The Stevens connection

“I heard about the job through some students who worked as interns there before,” Tom said. “So I handed my boss my résumé, and he said, ‘I don’t need to see this — when do you want to start?’ It was all because of my Stevens experience, and how well Stevens students had performed there in the past. Even if they don’t have any specific experience with Stevens, knowing that we have that specialized set of skills definitely helps.”

Now a sophomore, Tom is beginning to take more advanced courses in the Quantitative Finance curriculum, though like all Stevens freshmen in the program, he got Bloomberg certified in his first semester and has been using high-tech financial analytics tools in the university’s Hanlon Financial Systems Lab.
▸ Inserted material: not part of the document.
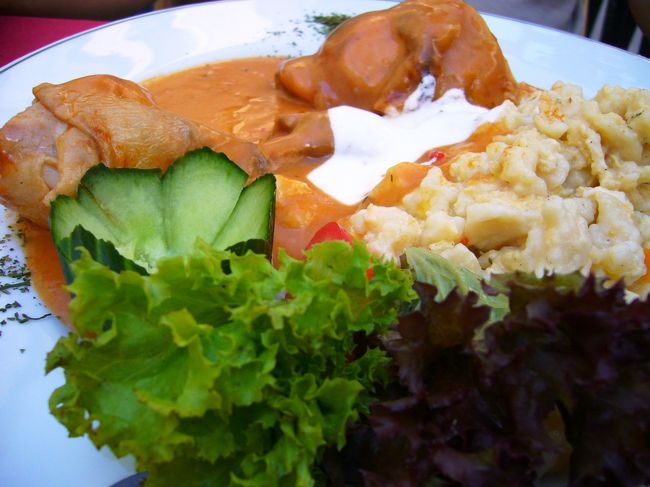 ペストをブラブラして、ブダ側へ戻ってきた。<br /><br />Ｇｕｕｕ<br />お腹すいたぁ。<br /><br />お昼をとりにレストランへ入る。<br />ダンナはパプリカチキン、私はグヤーシュを注文。<br />二人して初のハンガリー料理。<br /><br />食べてみて・・・<br /><br />うっ、うまい！！！<br />ハンガリー料理、こりゃうまいぞ〜〜〜☆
The most valuable tool in his kit now, though, is Excel, which Tom got a crash course in over the course of his work with Asset Based Lending.
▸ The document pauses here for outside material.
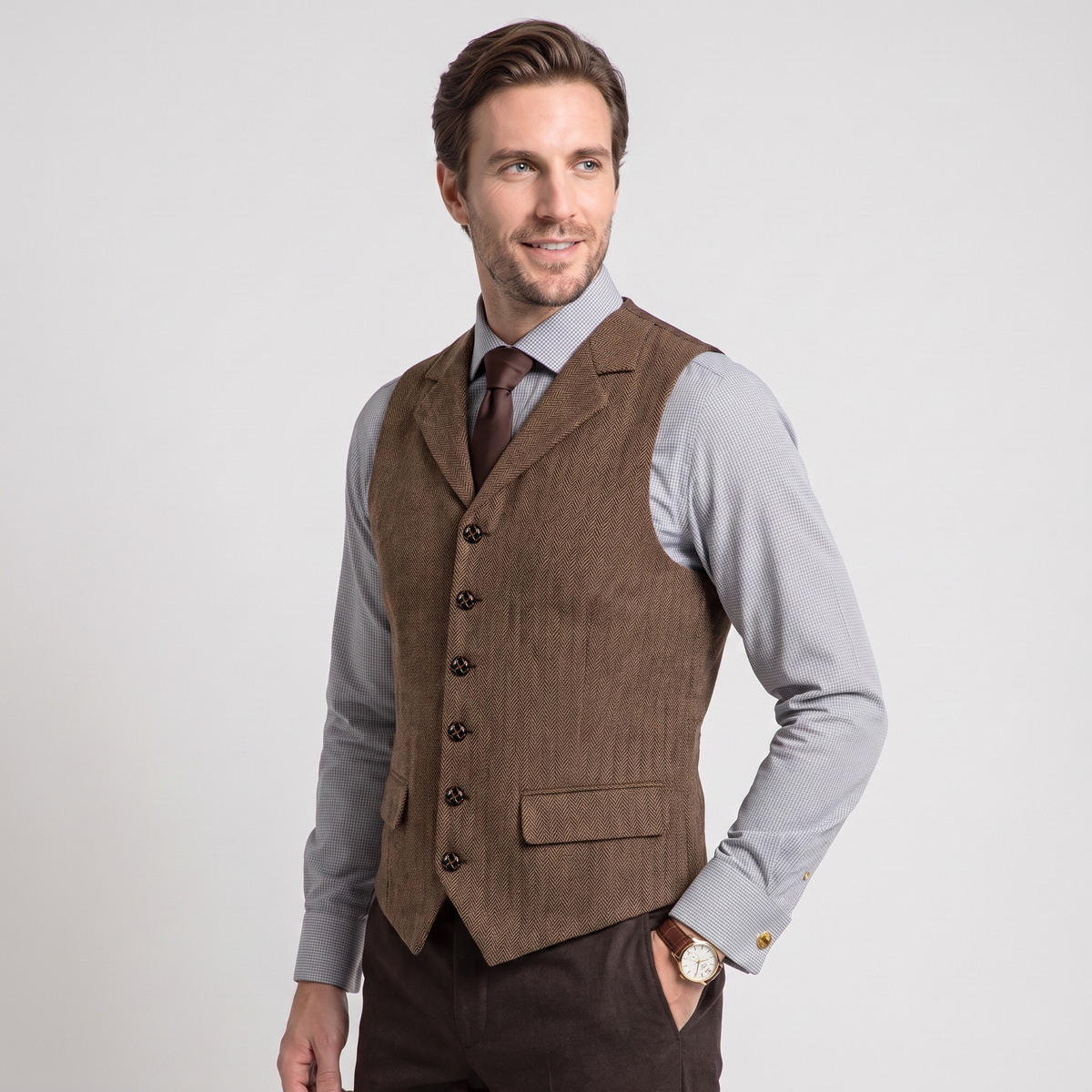 Aesido Men's Business Herringbone Notch Lapel Waistcoat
“I came in not knowing how to use Excel, to which my boss told me, great, that’s what you’re doing all summer,” Tom said.

After spending a few hours on the first day creating simple formulae in Excel, Tom kept working at it, until before long his work was changing how the company did its accounting.

“It reminded me a lot of my Stevens classes, where we do a lot of presentations, so you do a lot of work in PowerPoint,” he said. In those cases, he said, it seems like an easy step, but the deck quickly becomes “a mammoth monstrosity” that needs a lot more work: “That was kind of the same experience I had in learning how to build Excel formulas. You get a couple formulas wrong here, and the whole summary page blows up — so you take another hour and get it done.”

Building a predictive model

During his internship, Tom worked on the operations side for the lender, which specializes in providing high-interest rate loans with short turnaround times for investors who flip properties for a living. He played a key role in rewriting the company’s attribution systems to better forecast revenue.

Because of the company’s payment structure to lenders and its high upfront commissions and fees, its best months for funding new loans and growing the business actually looked like its worst months, making it hard to track expected cash flow.

“I was working with our accounting system to get a better understanding of where our money was coming from why we had different income in other areas, and changes like that,” Tom said. “I also started working on a predictive model to understand what amount of money we’d need in our hands in order to fund all the loans coming up in the short term.”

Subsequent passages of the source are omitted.